From Coach Greg:
|MILEAGE VIA EASY AND OVER-DISTANCE RUNS:
Building up and maintaining your mileage for overall stamina and cardio fitness (…hoping everyone is able to run at least 20-25 miles a week, Varsity Boys = 45-60/wk range, Varsity Girls 35-50/wk); important everyone brings in a foundation of base miles to build from to start the Track & Field season! …If you don’t do ANYTHING ELSE, at least do this! -Try to fit in “over-distance” run once-a-week (trust me, you’ll miss these long runs mid-season when we’re doing multiple competitions each week…)
|TEMPO RUNS (a.k.a. Threshold Training):
Keep a Tempo intensity run (~85% of your max effort) in your routine once a week to help in maintaining moderate intensity training, both for physical improvements and to boost psychological endurance. Tempo intensity is an “in-between” easy pace and max effort and pretty forgiving, so you’re not too exhausted the next day after a Tempo run. It’s also great for getting athletes prepared for the rigors of interval track training and builds a good sense of maintaining a strong pace. You can break-out Tempo workouts by time or distance, steady longer tempos (15-20 minutes) are great for this time of year (Tempo runs up-hills are even better for optimizing strength benefits); adding a 2nd tempo each week of a shorter duration can be a good balance (i.e. 3-4 x 5-6:00 with 2:00 rest in between).
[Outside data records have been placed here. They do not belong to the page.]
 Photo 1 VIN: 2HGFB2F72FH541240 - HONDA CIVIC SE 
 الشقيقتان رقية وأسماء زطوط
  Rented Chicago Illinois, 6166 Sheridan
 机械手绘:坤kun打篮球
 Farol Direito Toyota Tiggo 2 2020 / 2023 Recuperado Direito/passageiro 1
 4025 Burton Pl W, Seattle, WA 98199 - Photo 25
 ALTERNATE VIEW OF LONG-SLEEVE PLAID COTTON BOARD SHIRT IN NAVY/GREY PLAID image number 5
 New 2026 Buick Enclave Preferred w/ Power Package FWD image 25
By now, hopefully everyone understands the HUGE IMPORTANCE of maintaining core strength year-round to maintain proper running posture, enabling efficient running form and overall running economy, it just makes your running easier; if you’re not doing Core training, you’re just making it harder on yourself to run! Core strength improves balance and increased stabilization in the torso and drastically reduces injuries! YOU SHOULD BE DOING CORE 2-3 TIMES A WEEK AND YOU’LL NOT REGRET IT, THIS IS TIME VERY WELL SPENT! Beyond the standard sit-ups, crunches, planks, here’s a good minimal 6 exercise routine that will take only 6 minutes (start with 1 set, then progress to 2 sets by first day of practice) and do 2-3 X a week: https://www.youtube.com/watch?v=VRcRPU8ZpTg
This is always very good to include in your pre-run warm-up routine (i.e. form drills) to improve your overall running mechanics, loosen tight joint connections (especially hips and ankles), injury prevention and definitely a prerequisite if you are going to pursue speed work during Winter break. I’ll post a routine later, but assuming most are familiar with the basic routines we do to get “loosened-up” (contact Greg if you need some assistance here), more TBD…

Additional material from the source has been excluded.